GeoData 2011 – Experiences

March 7th, 2011

GeoData 2011 was a great platform for me to learn from and get familiar with data scientists in academia and various other organizations. The workshop focused on current practices and future directions of data life cycle, integration and citation. It was a very important resource for my research on data citation and was also a perfect follow-up for the data science course which I took last term. The workshop’s highlight was the three breakout sessions on Data life cycle, Integration and Citation. Each of these breakout sessions were preceded by thought provoking talks by experts in the respective areas.

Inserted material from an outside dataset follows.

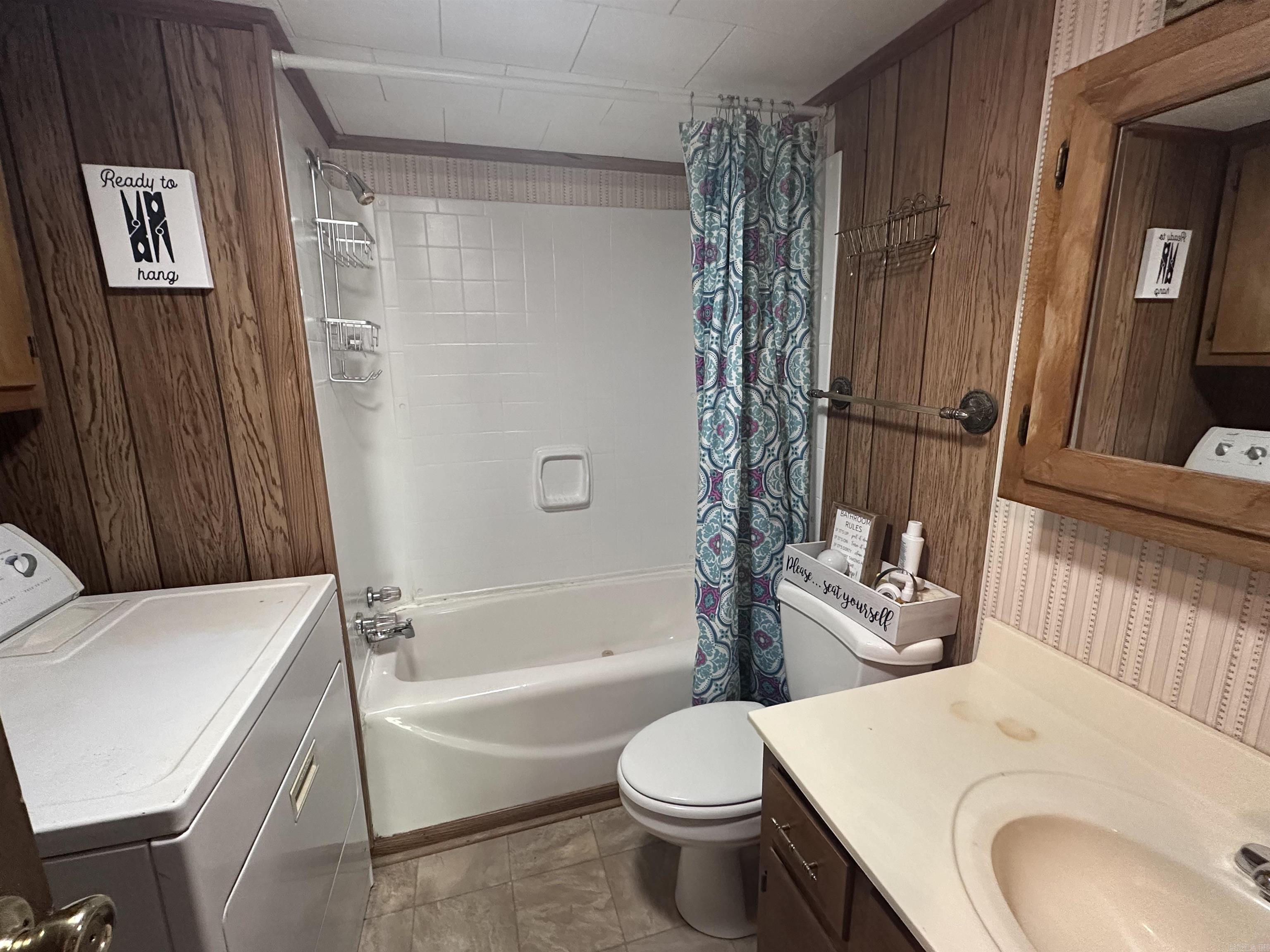 RAINBOW ISLAND - RIVER - Residential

The first day focused on aspects of data life cycle. Prof. Peter Fox gave a talk on the various stages of a data life cycle and presented a couple of data life cycle models. The talk was well received. Some of the slides he presented, especially the “data-knowledge-information” diagram and the “pyramid of data and its audiences” were referenced at various points in the breakout session I attended. While most members reached a consensus on a life cycle model similar to the one suggested by Prof. Fox, some members suggested addition of a “disposal” and a “data definition” stage. There were also suggestions to have two separate value streams for data. Gaps in the life cycle were investigated. Many participants highlighted the need for incentives for better data management.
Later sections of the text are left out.